I bred a show champion. She was so beautiful that I repeated the mating and kept the best bitch puppy from the resulting litter. At eight weeks when I sold the litter all mouths were perfect. However at six months the mouth of the puppy that I had kept had become undershot with the eruption of the permanent teeth.
I sold her cheaply as a pet and her owner still tells me twenty five years later what a wonderful little dog she was.
I don't think that a breeder can be blamed when the second teeth come in "wrongly" at about five months, unless one of the puppy's parents are undershot.
However I do think that this is an issue that is open for discussion. There is a huge difference between a dog with a badly undershot jaw, and the case of a dog with level jaws where say a couple of teeth on the bottom jaw protrude forward, so that there is not a perfect scissor bite.

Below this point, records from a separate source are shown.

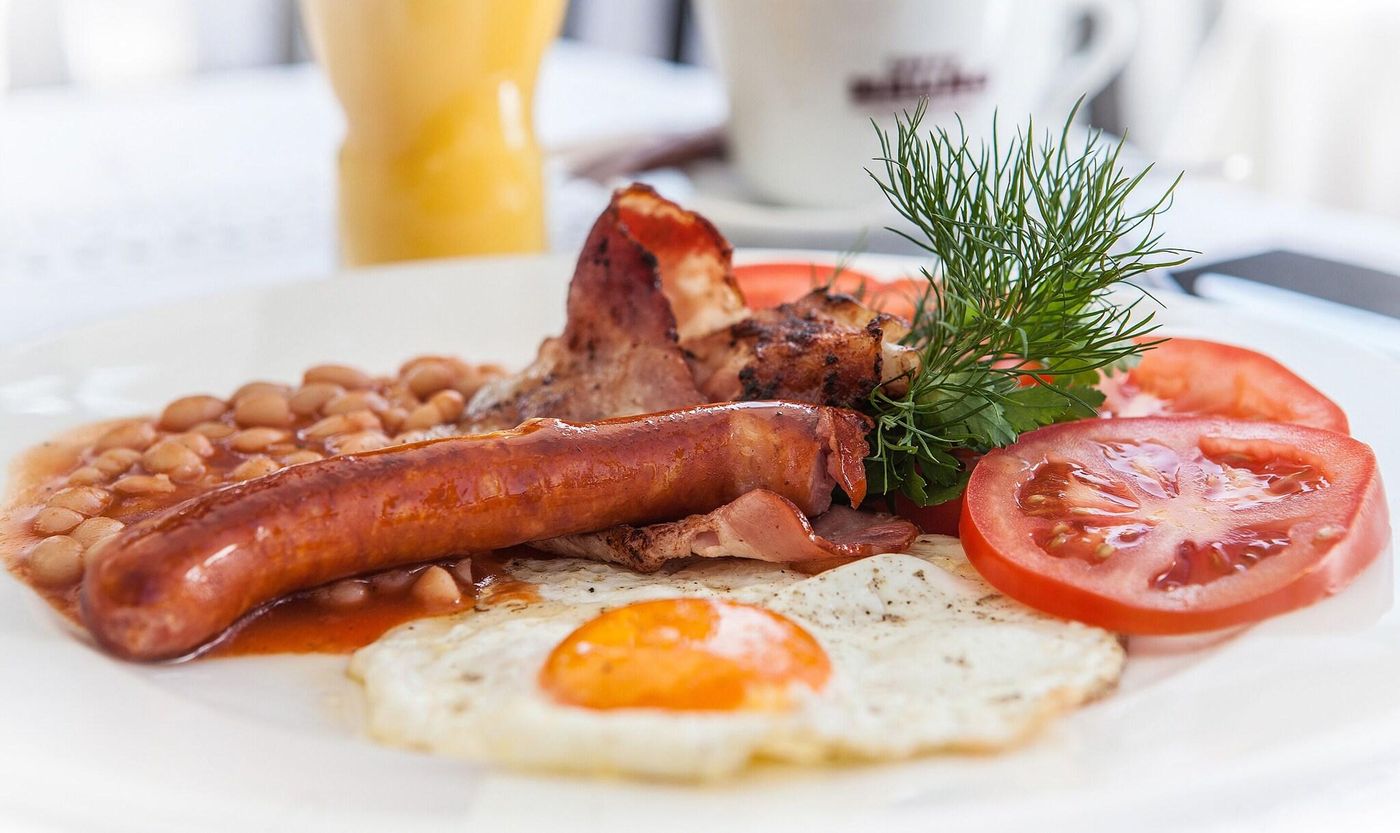 Betmanowska-Main-Square-Residence-Restaurant-81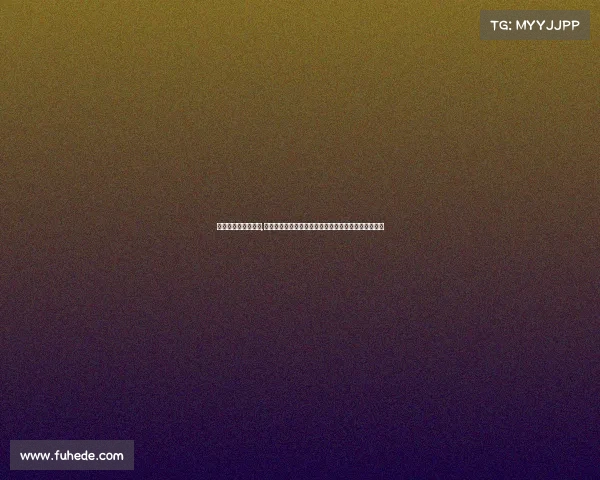 南京有电子竞技高中,金陵崛起电竞学堂：热血少年的职业赛道从这里启航航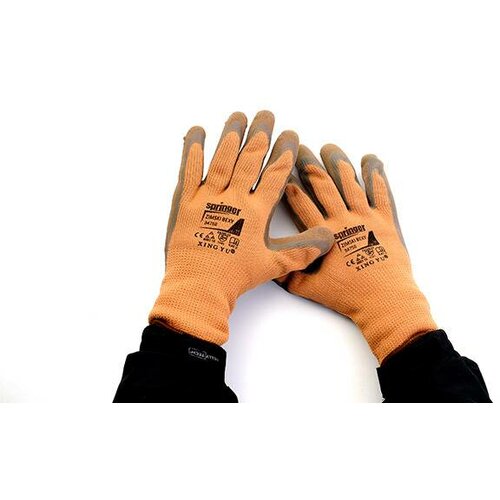 MONSUN zaštitne rukavice zimske Bexy Slike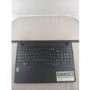 Refurbished Acer Aspire ES1-531 Intel Pentium N3700 4GB RAM 1TB HDD 15.6 Inch Windows 11 Laptop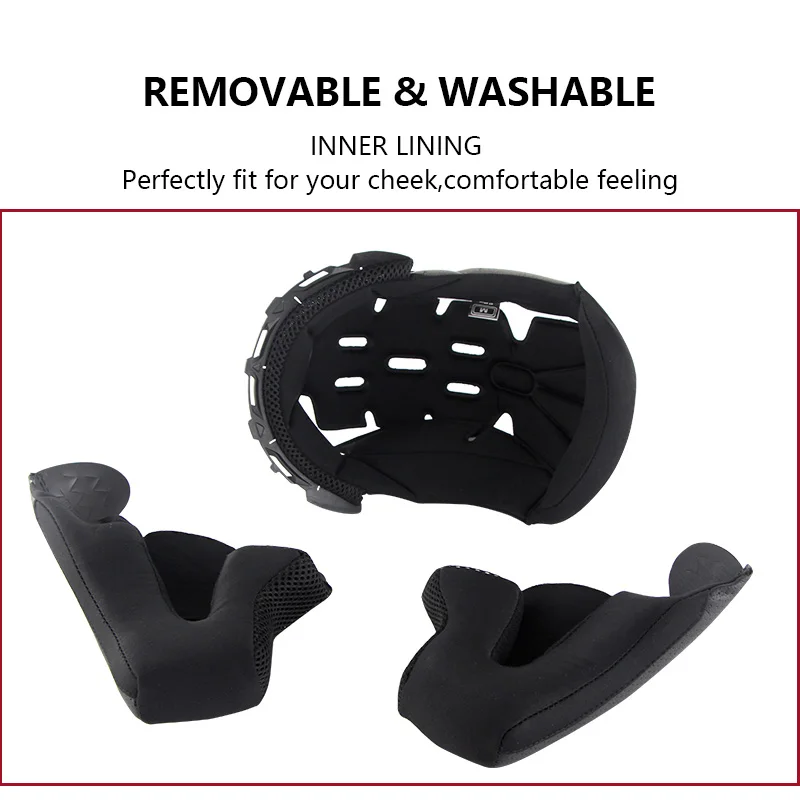 Желтый мотоциклетный шлем с Anti-UV400 внутренним козырьком модель K5 откидной полный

Unfortunately cockers are a popular breed with large classes in the showring. It is too easy for judges to eliminate dogs for mouth faults because a dog either has a perfect mouth or it has not. There is no matter of opinion, like whether a dog is too short or too long, has well laid shoulders or whether the shoulders are too upright, or whether a dog has moved correctly or not. Different judges see construction and movement differently and they judge on matters of degree. But if a dog doesn't have a scissor bite even if the jaw is correct, but the teeth are slightly misplaced, then in most cases the dog will be penalised, if not eliminated.
This is most strange because we don't always do this with people. I find the face of Susan George say, with her less than perfect teeth, enormously more pleasing than those Hollywood starlets with perfect eyes, noses and mouths. They all look so bland! A small degree of imperfection gives individuality and seems to enhance the attraction!